As someone infamous once said (me, need you ask?), ‘The truth is not mediated by the identity of the speaker’. If it were, one could sidestep debate entirely by identifying the ultimate victim status and taking umbrage accordingly. Increasingly devoid of argument, the Critical Social Justice (or ‘woke’) left relies almost exclusively on this tactic. And while such behaviour perfectly explains the HS2-like expansion of the LGBTQwerty community, it does not excuse the vitriol accorded those who humbly suggest we have more pressing concerns than society’s perfect accommodation of genderfluidity and nonconformity. Regrettably, this is a hurdle the right is now failing to negotiate as well.

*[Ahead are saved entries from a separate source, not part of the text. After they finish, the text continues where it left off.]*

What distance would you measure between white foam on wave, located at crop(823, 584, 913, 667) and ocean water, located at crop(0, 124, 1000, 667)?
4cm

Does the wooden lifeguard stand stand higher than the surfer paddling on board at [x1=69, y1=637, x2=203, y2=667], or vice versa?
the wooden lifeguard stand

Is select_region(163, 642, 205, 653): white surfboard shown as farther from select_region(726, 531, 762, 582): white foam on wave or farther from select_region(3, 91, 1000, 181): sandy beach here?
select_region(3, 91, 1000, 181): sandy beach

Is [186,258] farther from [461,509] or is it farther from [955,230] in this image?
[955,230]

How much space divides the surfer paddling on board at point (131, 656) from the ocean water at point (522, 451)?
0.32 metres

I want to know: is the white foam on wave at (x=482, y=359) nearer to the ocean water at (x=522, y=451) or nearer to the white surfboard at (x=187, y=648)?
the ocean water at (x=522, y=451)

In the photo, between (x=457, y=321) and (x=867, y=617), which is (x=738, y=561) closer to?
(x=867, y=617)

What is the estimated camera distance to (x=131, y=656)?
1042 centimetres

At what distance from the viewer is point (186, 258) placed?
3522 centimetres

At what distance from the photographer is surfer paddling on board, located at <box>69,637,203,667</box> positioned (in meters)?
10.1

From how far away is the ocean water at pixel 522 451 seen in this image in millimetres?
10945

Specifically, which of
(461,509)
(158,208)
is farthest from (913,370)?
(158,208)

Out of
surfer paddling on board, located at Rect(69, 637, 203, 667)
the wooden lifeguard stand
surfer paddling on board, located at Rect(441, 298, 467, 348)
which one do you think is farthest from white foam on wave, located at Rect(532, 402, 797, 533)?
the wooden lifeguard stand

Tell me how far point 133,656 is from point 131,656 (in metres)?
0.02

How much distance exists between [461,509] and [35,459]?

To say that the sin of identity politics is pervasive would be an understatement. Consider the general election campaign, from which we shall thankfully soon be freed. Rather than political ideas and stratagems, it is the commitment to ‘diversity’ which now poses as a flagship policy. We will be ‘the most working-class cabinet of all time’ coos the Labour Party, while Liz Truss’s Tory administration could be lauded as containing the ‘most diverse Cabinet in history’, as though the benefits of this were somehow self-evident. Even Reform UK is showcasing its ethnic minority candidates, albeit to counter accusations of racism.

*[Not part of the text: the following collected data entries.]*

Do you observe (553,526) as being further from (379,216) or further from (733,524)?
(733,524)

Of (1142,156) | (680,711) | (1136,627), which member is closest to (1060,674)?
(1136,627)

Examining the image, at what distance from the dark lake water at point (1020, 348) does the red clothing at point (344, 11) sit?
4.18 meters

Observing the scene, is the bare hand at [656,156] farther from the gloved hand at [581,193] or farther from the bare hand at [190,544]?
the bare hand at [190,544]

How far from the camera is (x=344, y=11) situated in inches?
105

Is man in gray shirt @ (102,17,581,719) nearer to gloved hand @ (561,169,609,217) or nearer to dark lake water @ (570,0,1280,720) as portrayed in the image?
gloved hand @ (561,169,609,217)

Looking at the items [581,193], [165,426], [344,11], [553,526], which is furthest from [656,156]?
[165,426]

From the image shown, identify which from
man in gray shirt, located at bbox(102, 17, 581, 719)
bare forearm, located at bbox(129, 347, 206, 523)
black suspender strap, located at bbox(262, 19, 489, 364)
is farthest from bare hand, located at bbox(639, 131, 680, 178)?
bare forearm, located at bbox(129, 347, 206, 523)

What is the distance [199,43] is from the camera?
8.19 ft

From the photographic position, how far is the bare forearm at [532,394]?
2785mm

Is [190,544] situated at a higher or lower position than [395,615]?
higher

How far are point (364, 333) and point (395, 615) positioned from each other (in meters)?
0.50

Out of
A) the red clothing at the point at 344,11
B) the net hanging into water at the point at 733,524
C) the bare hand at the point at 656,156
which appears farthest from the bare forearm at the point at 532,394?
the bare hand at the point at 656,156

Mistaking identity for substance is a dangerous game; not one which should be entertained by any serious individual—and certainly not by any heavyweight politician. When famously asked by Terry Wogan whether male MPs made any concession to the fact that she was a woman, Margaret Thatcher immediately responded: ‘No. Why should they? I don’t make any concession to the fact that they’re men.’ Similarly, Winston Churchill famously remarked that his speech impediment was ‘no hindrance’.

However, they are the exception to the rule. For modern politicians, the allure of playing the victim is almost irresistible. Even our current prime ministerial candidates can’t help it: the knighted multi-millionaire Keir Starmer makes a mountain out of his father being a ‘toolmaker’ and the billionaire Rishi Sunak boasts of his being the first British Asian PM. (Though arguably Sunak’s best performance of the campaign so far was his response to the racial slurs used against him by a Reform UK activist.)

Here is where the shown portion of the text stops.